Oggi, gli autori di quegli anni costituiscono un patrimonio per la comprensione degli sviluppi del linguaggio letterario, dei linguaggio musicali e nelle arti figurative. Osando, potremmo fare un parallelo con le esperienze del futurismo di inizio ‘900 che hanno profondamente segnato il cambiamento dei linguaggi, con esiti di grande livello nelle arti figurative  mentre in letteratura, salvo eccezioni, non hanno prodotto opere di particolare valore se non per la formazione di un cambiamento cui hanno dato voce e rappresentanza.

Tornando a Pynchon, devo una risposta alla mia domanda: perché non avevo mai letto questo romanzo?

Ecco la risposta: c’è spesso qualcosa che non quaglia, e io avrei dovuto saperlo, tra il mio piacere di leggere e gli autori del postmodernismo americano.
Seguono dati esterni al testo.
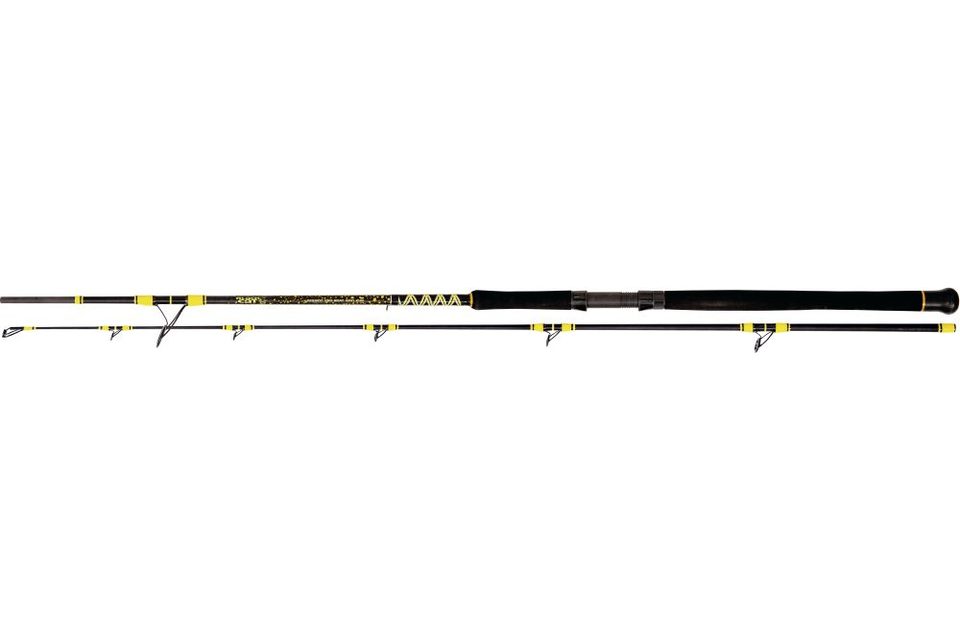 Black Cat Prut Passion Pro DX Boat Spin 2,4m 190g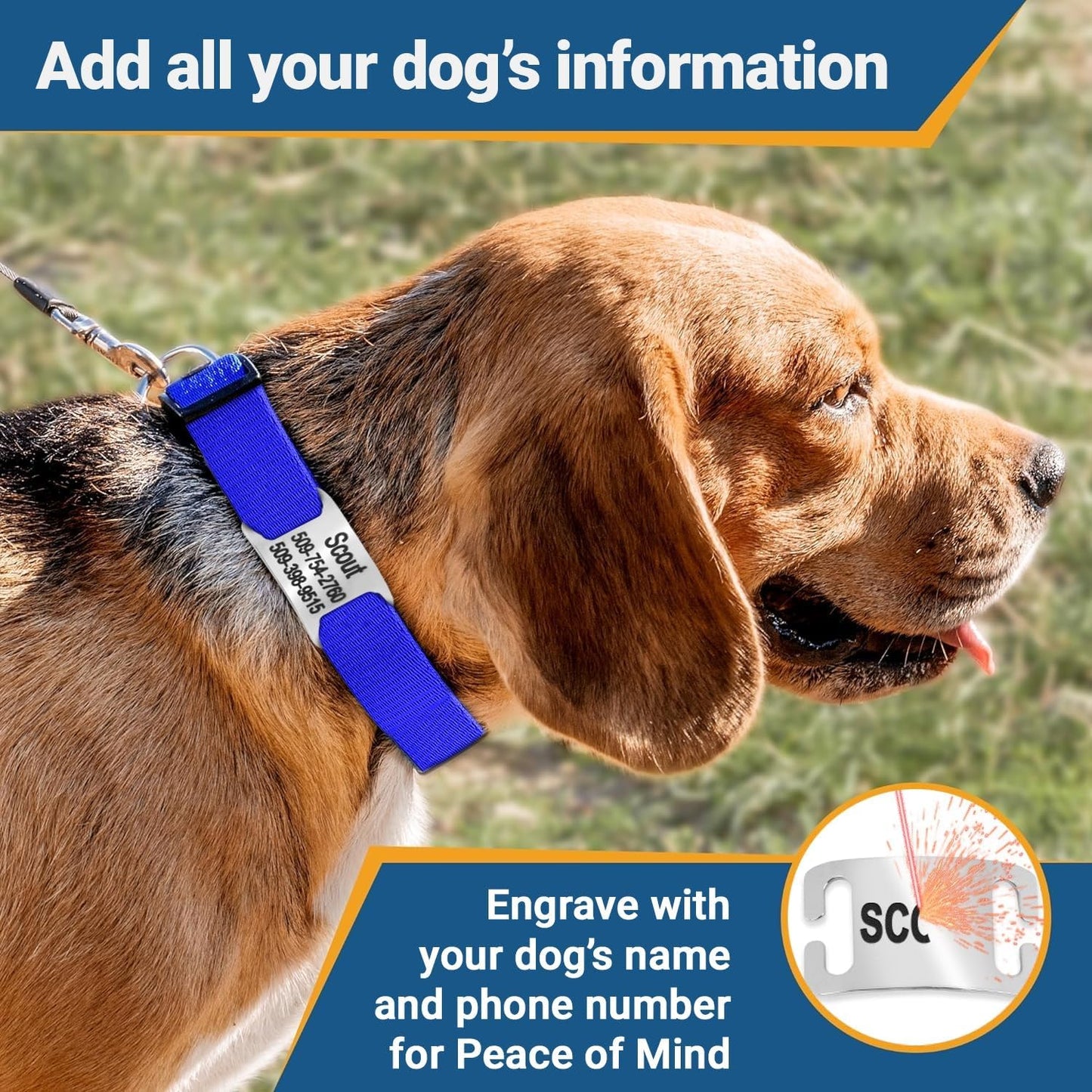 GoTags Reflective Personalized Dog Collar with Nameplate, Adjustable Dog Collar with Custom Engraved Steel Slide On Pet ID Tag, Silent, No Noise Dog Tag for Large Medium or Small (Light Gray, Medium)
Per un lungo periodo ho molto amato Jack Kerouac: “La strada”, con svariate riletture, mi ha accompagnato a lungo. È stato riletto più di una volta, eppure: potrei, oggi, dire di una certa qual fatica, di un sottile disagio, che permaneva tra me e quelle pagine? Cosa che conduceva, per l’appunto, alla rilettura.
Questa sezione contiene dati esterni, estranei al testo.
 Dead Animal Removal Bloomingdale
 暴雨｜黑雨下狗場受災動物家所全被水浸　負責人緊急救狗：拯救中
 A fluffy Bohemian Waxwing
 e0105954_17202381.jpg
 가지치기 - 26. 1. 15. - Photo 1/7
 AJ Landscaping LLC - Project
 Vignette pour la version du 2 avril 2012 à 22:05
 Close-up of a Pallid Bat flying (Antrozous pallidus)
Era il libro di moda, temo; c’è per tutti un’età in cui l’influenza del gruppo prevale sul proprio personale diritto/dovere di rispettare il proprio parere, e perché no, i propri gusti accogliendone la eventuale discordanza con il giudizio di critica.

Credo tuttavia ci sia anche un aspetto che ha a che fare con la leggibilità attuale delle opere (non solo di Pynchon) del periodo beat d’oltreoceano: appartengono, forse, ad un tempo di passaggio che non ha parole per il nostro oggi? Chiedo, e allo stesso tempo mi coglie il pensiero di un libro le cui parole, più attuali che mai, oggi non desideriamo, non vogliamo, ascoltare. A partire da me.
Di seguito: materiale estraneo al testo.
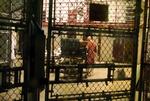 Guantanamo. Selv om Obama har sat skub i processen med at få Guantanamo-fængslet affolket for fanger, er der stadig i dag en del terrormistænkte bag tremmer i det amerikanske, omstridte militærfængsel. 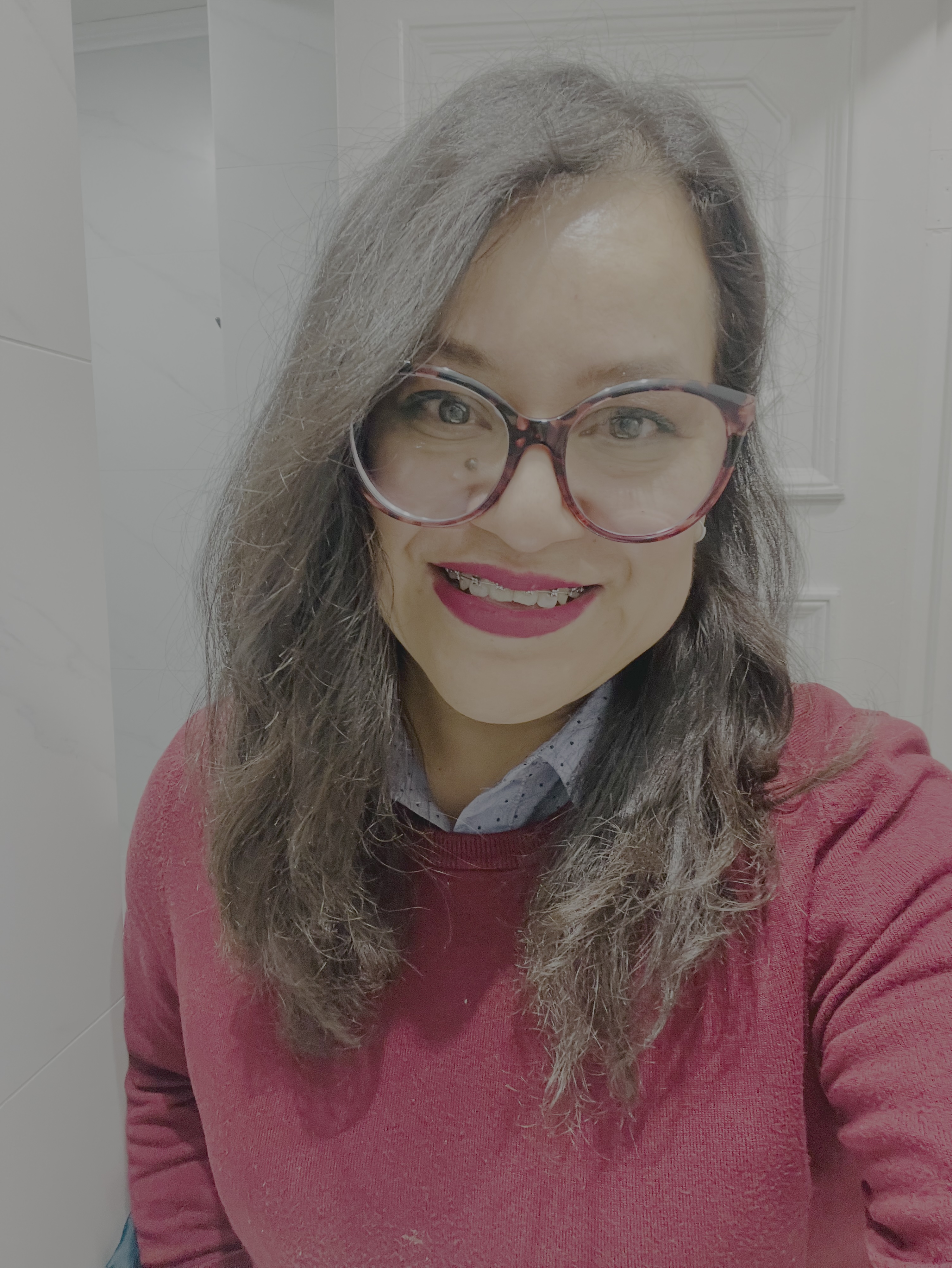 Ing. Carlos Sánchez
Perché so, riconosco, che si tratta di opere produttive per il lettore capace di entrarvi in risonanza; pur non essendo io quel lettore; pur rimanendo aperta la possibilità che, dopo un qualche giro nei dintorni, io possa rientrare sulla strada principale, quasi certamente ritrovando Pynchon, pur senza poter fare affidamento alcuno sull’esito del percorso.

Lawrence Ferlinghetti

Un sentiero. Un nome. Fernanda Pivano. Fu lei che,  fin dal tempo in cui il regime fascista e la guerra chiudevano ancora i nostri orizzonti, giovane ed entusiasta, sulla spinta e con l’aiuto iniziale di Cesare Pavese, portò alla nostra editoria i grandi autori del ‘900 statunitense, per giungere infine agli autori della beat generation. ed eccoci. Al punto. Una storia da esplorare.

Ma quegli autori? Vogliamo dire Thomas Pynchon, dato che, nella mia incompetenza critica ci è finito (sopravvivendo benissimo, scrivo tutto questo proprio perché posso permettermelo, dal mio piccolo sgabellino di lettrice).

Non posso far altro che lasciare la scheda dell’editore, corredata di commenti: qui.

E riporre naturalmente Pynchon in un posto d’onore sui miei scaffali, in attesa di lettori (non è necessario sia io) perché ne ha pieno diritto. Mentre cercherò – colta dalla curiosità di dare uno sguardo ad un passato che, anche, mi appartiene – di fare una passeggiata in quel tempo: direi nella poesia. Sono in attesa di una raccolta di poesie di Lawrence Ferlinghetti, “Il lume non spento”. Dovrebbe arrivare oggi.